• _Data provided_:
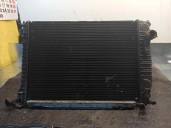 Recambio de radiador agua para chevrolet lacetti 2.0 diesel cat referencia OEM IAM 96436108 61685 NISSENS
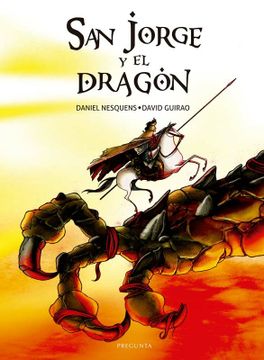 portada San Jorge y el Dragon (in Spanish)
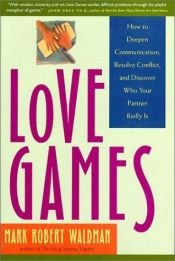 book cover of Love Games by Mark Robert Waldman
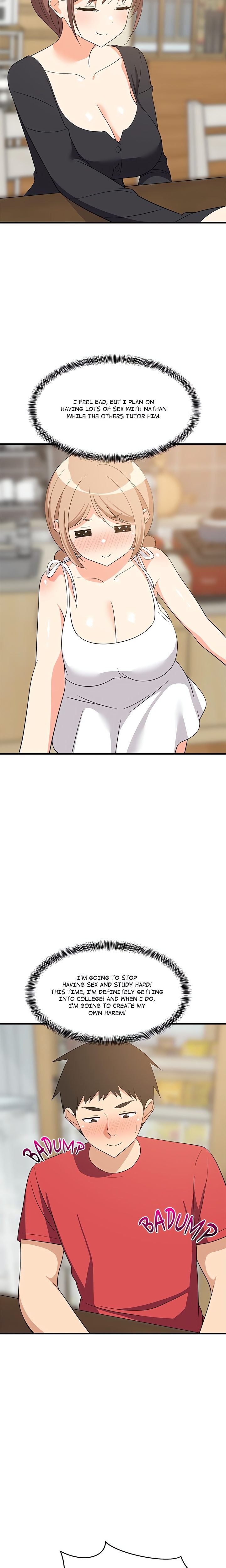 18+ College Grades Skyrocketing Chapter 60 page 21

• _Problem to work on_: Please transcribe the whole listing above exactly, with the images left out.

• _Result for this exercise_:
 Recambio de radiador agua para chevrolet lacetti 2.0 diesel cat referencia OEM IAM 96436108 61685 NISSENS
 portada San Jorge y el Dragon (in Spanish)
 book cover of Love Games by Mark Robert Waldman
 18+ College Grades Skyrocketing Chapter 60 page 21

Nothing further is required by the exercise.